An area that is often neglected (or intentionally excluded) as a contributing factor to some of our crucial challenges, such as combating the consequences of climate change, are weapons – arguably the most damaging technologies – and as an extension, the military and armed conflict. One the most obvious examples is the exclusion of military emissions from the binding reduction targets enshrined in the Kyoto Protocol, although the US army, for instance, emits more CO2 annually than some states, including industrialized states such as Sweden or Switzerland.
Threats posed by weapons and armed conflict exceed those of CO2 emissions. For example, the deployment of mines, which are labelled by the International Committee of the Red Cross as “a perverse use of technology,”[i] hinders the safe use of land for agriculture or grazing livestock,[ii] and endangers lives of civilians even after hostilities have terminated, sometimes for decades. Damage to the natural environment during armed conflict is unfortunately very common, not only resulting from the use of weapons, but also by the employment of certain means and methods of warfare, such as the use of herbicides to damage crop fields.
Risks stemming from weapons of mass destruction, in particular nuclear weapons, are even more wearisome. The use of nuclear weapons is predicted to result in apocalyptic humanitarian and ecological consequences, which, as the International Court of Justice observed in 1996, “cannot be contained in either time or space”[iii] and from which future generations are not spared either.
Not only that the use of weapons is tied to terrible consequences, they also require resources (and produce waste) for development, production and maintenance. Further resources are required to re-build what has been destroyed, if it can be re-built at all. This entire circle is in marked contrast with a just and habitable world, and it arguably deepens the gap between the global north and the global south even further. As such it needs to be subject of discussion, breaking the systematic negligence that seems to be attached to it.

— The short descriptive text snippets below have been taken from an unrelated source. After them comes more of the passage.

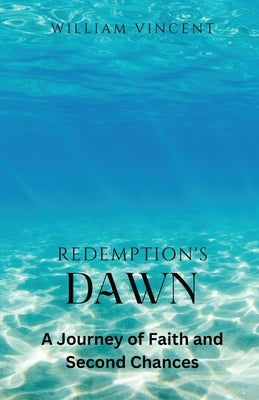 Redemption's Dawn: A Journey of Faith and Second Chances by Vincent, William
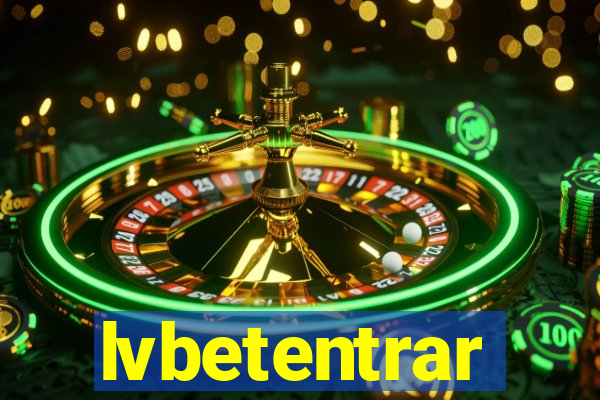 lvbetentrar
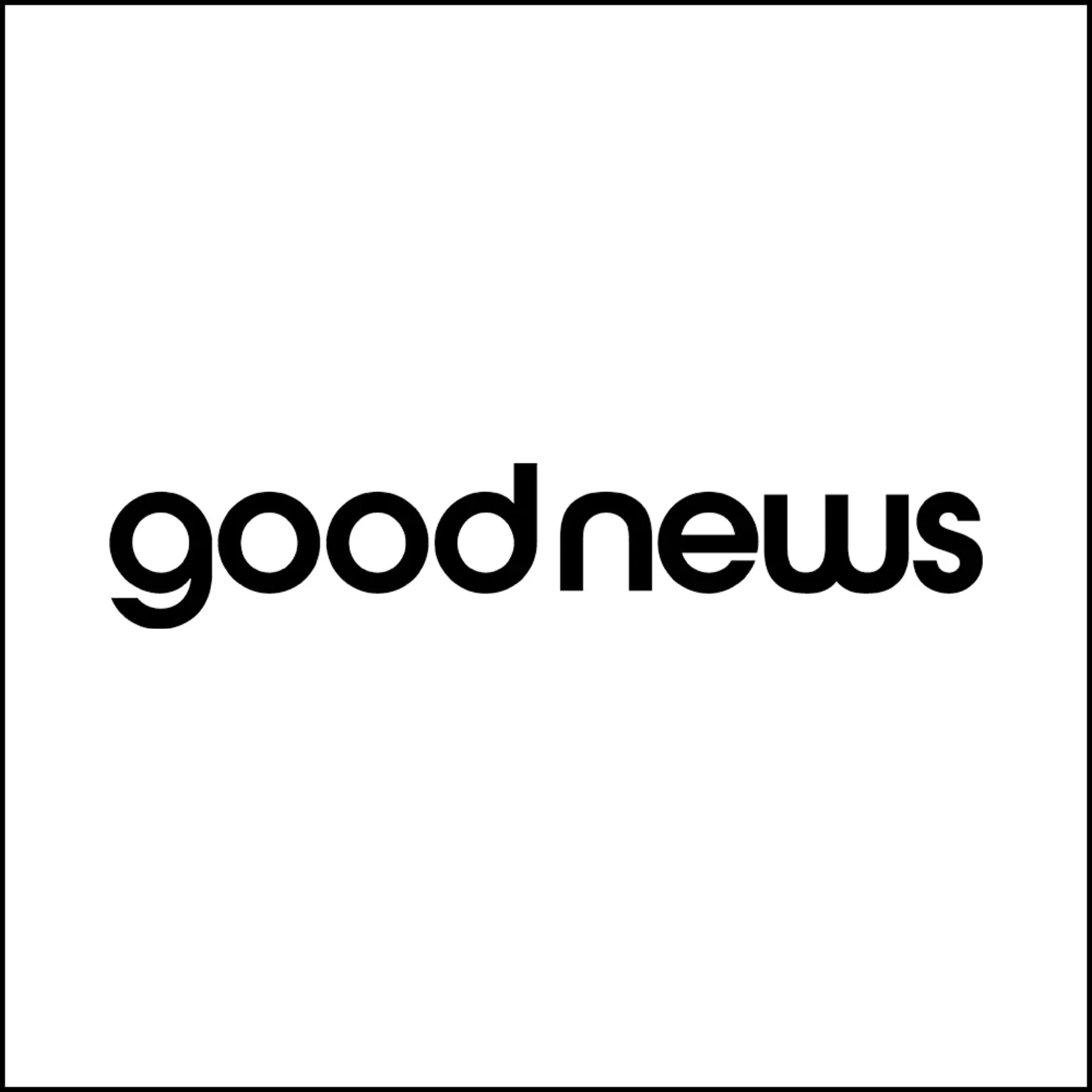 Good News&nbsp;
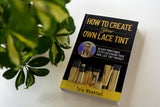 HOW TO CREATE YOUR OWN LACE TINT PRODUCT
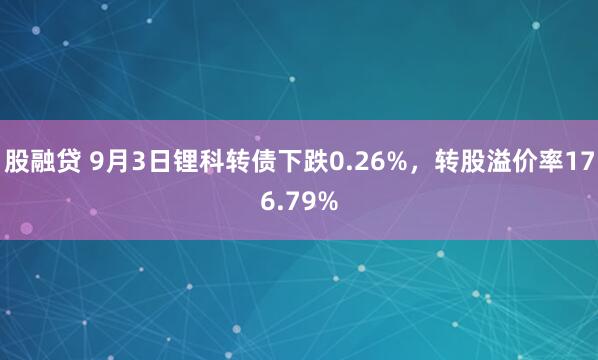股融贷 9月3日锂科转债下跌0.26%,转股溢价率176.79%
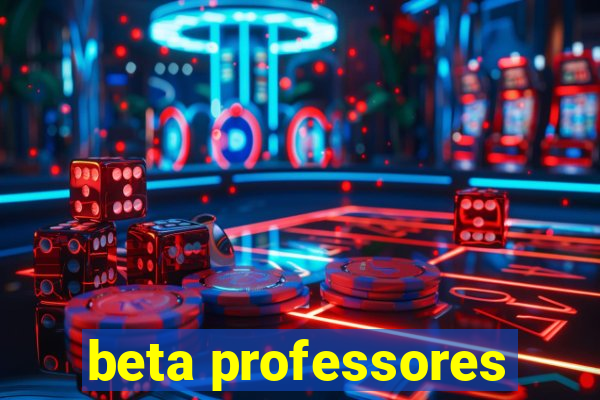 beta professores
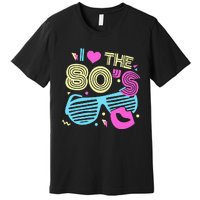 Eighties I Love The 80's 1980's Birthday Women Gift Premium T-Shirt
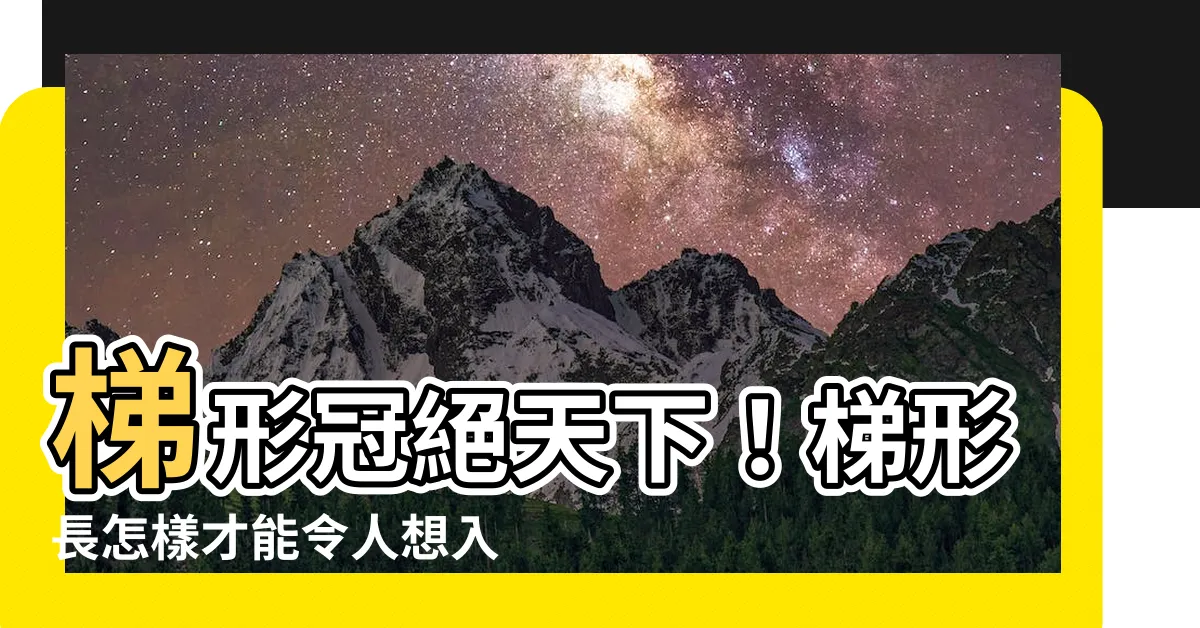 【梯形長怎樣】梯形冠絕天下！梯形長怎樣才能令人想入非非？點擊即揭秘！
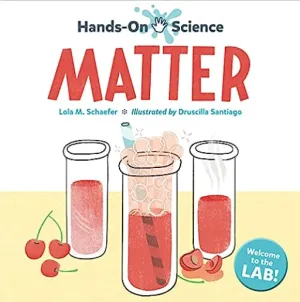 Hands-On Science: Matter, Lola M. Schaefer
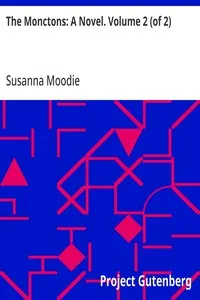 The Monctons: A Novel. Volume 2 (of 2)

International law has developed various ways to prohibit or limit certain categories of weapon systems or technologies based on their damaging effects.
[i] Louis Maresca and Stuart Casey-Maslen, The banning of anti-personnel landmines: The legal contribution of the International Committee of the Red Cross, 1. publ Cambridge Univ. Press, 2000, p. 257.
[ii] Stuart Casey-Maslen, The Convention on the Prohibition of the Use, Stockpiling, Production, and Transfer of Anti-Personnel Mines and in their Destruction in Eric P J Myjer and Thilo Marauhn (eds), Research handbook on international arms control law, Research handbooks in international law series, Edward Elgar Publishing, Cheltenham, UK, Northampton, MA, USA, 2022, p. 347.
[iii] ICJ, Legality of the Threat or Use of Nuclear Weapons, ICJ Reports 1996, p. 66, ICJ Advisory Opinion, 08 July 1996, para. 35.